Yağmur hızlanmaya başlayınca, nezle olmamak için ben de ziyaretgâhın doğu tarafında duran arabaya doğru koştum. Beni beklemekte olan şoförün gözü dalmıştı. Aniden kapıyı açmıştım, o ürpererek kuş uykusundan uyandı.

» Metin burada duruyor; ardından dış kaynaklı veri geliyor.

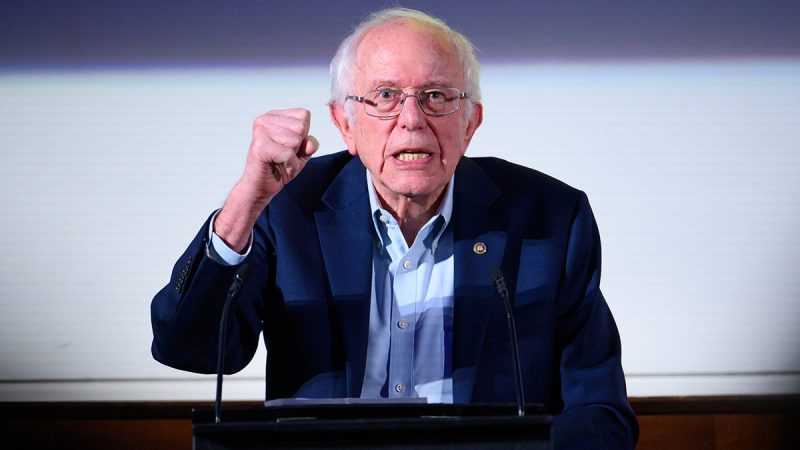 ‘Things need to change’: Senate Democrats sharpen criticism of Israel as humanitarian concerns grow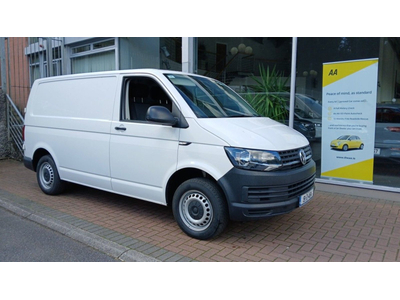 Photo for ad 4212951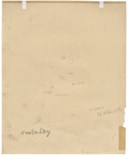 JOAN EARDLEY, R.S.A. (1921-1963)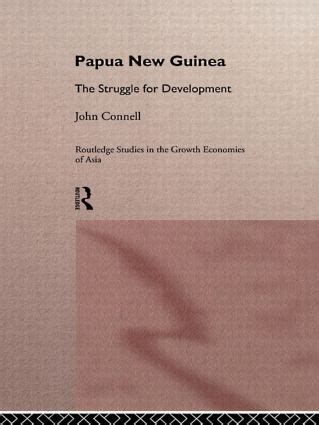 Papua New Guinea | Taylor & Francis Group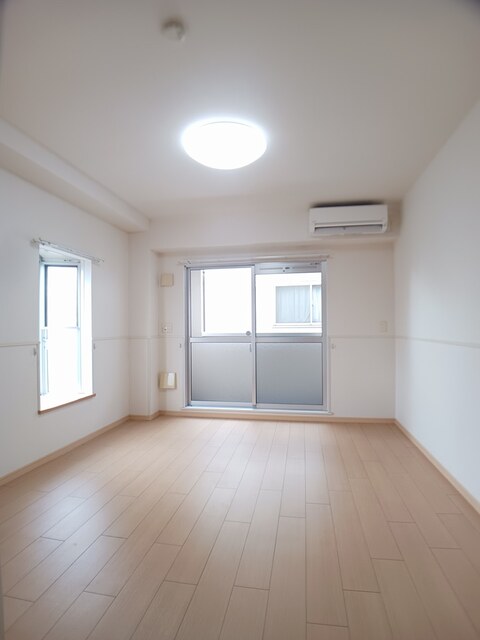 居室・リビング　居室・リビング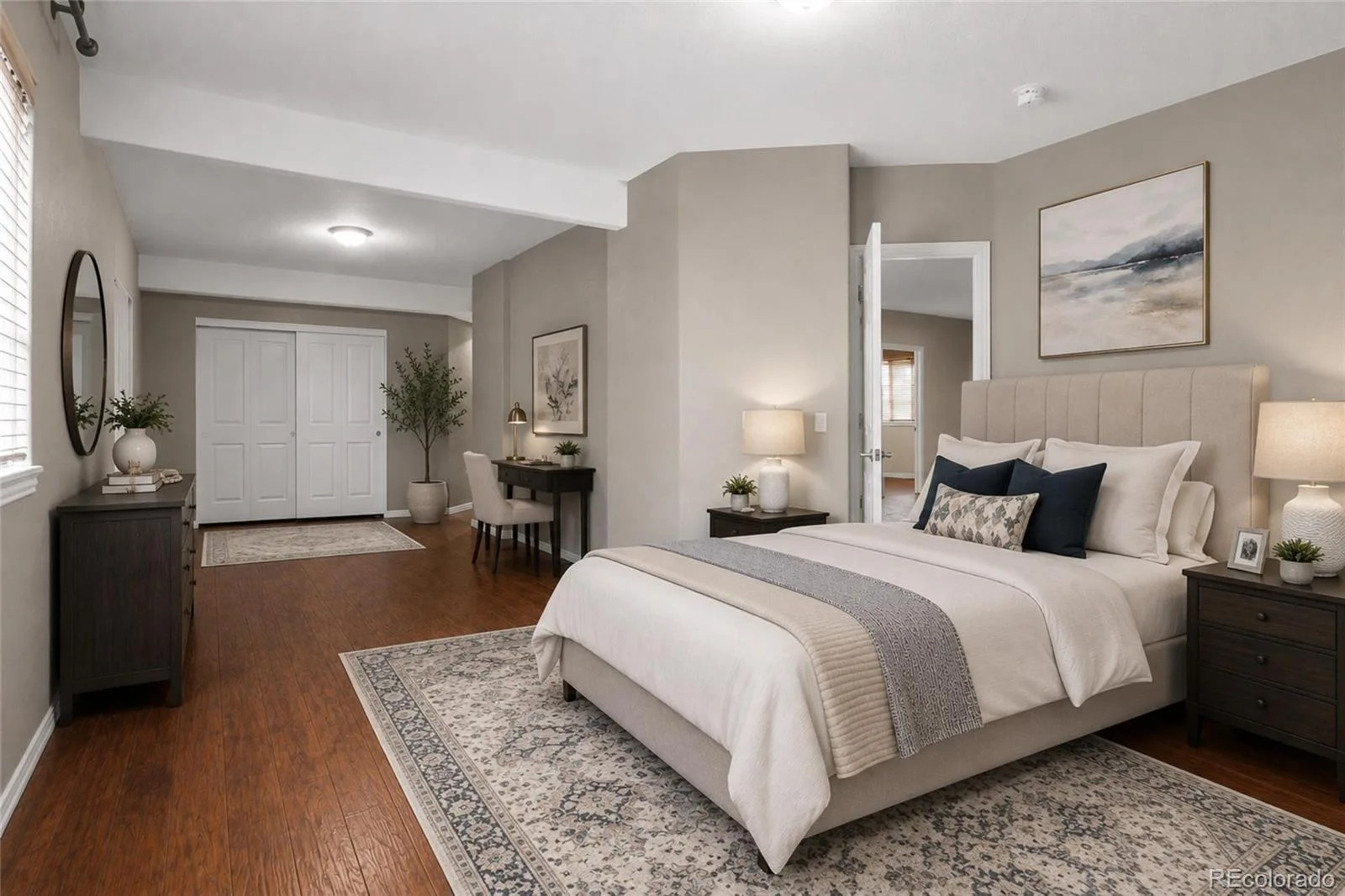 7428 S Catawba Way Aurora CO 80016 | MLS #REC9922462 08062026133736 1600 28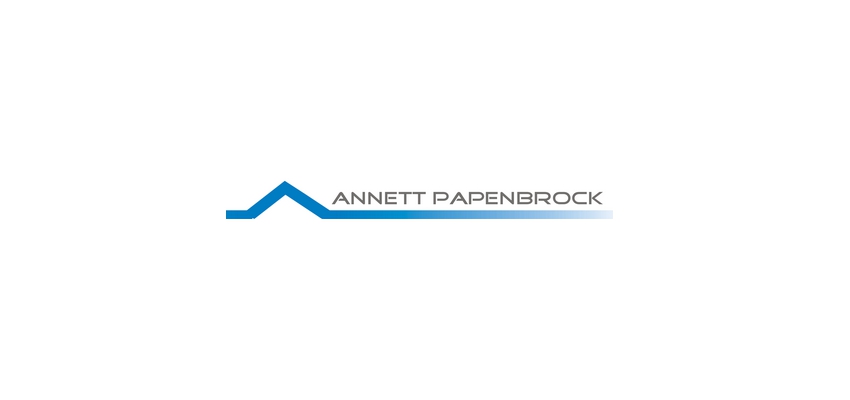 Steuerberaterin Papenbrock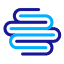 crsydney.com.au favicon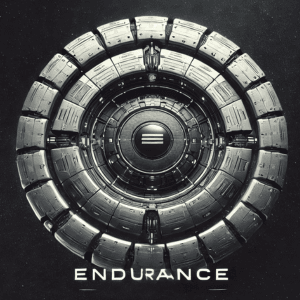 avatar ENDURANCE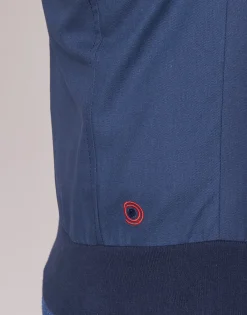 Casual Attitude IHIBERNA-Homme Vestes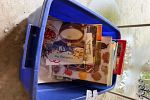 Sale Photo Thumbnail #28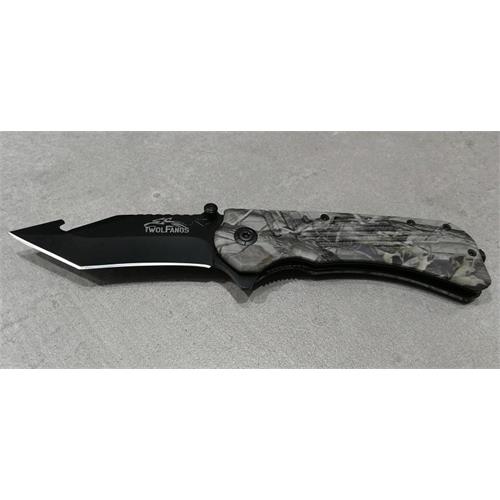 wolfangs-coltello-manico-mimeticico-con-scuoiatore-e-frangivetro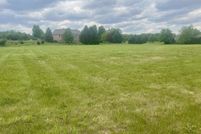 Property for sale in Boone County, Illinois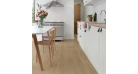 Ламінат LVT IVCgroup Origin 30 Click Acoustic Oak Silverleaf (22311) Фото №1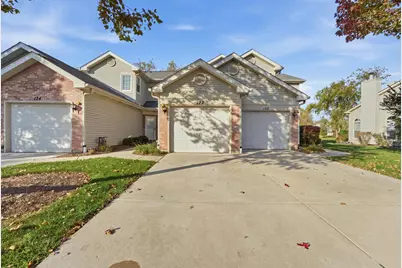 122 Golfview Drive #NA, Glendale Heights, IL 60139 - Photo 3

─ Çıktınız mı dedi, beni görünce, gözlerini ovuştururken. Yolda yağmur yine hızlandı. Arabanın silecekleri ona vuran yağmur damlalarını temizlemeye yetişemiyordu. Yağmurun hevesini görünce biraz endişelenerek güvercinleri düşündüm. Onlar yağmurun altında kaldılar, diye hüzünlendim. Biraz geçse, yağmurdan canlarını kurtaracak bir sığınak vardır diye kendimi sakinleştirdim. Ama bu uzun sürmedi. Sayısız, onca güvercin yağmurda nerede canını kurtaracaktı, sığınak bir yer de göremedim orada, diye başka bir düşünce bilinçaltımda dolaşmaya başladı.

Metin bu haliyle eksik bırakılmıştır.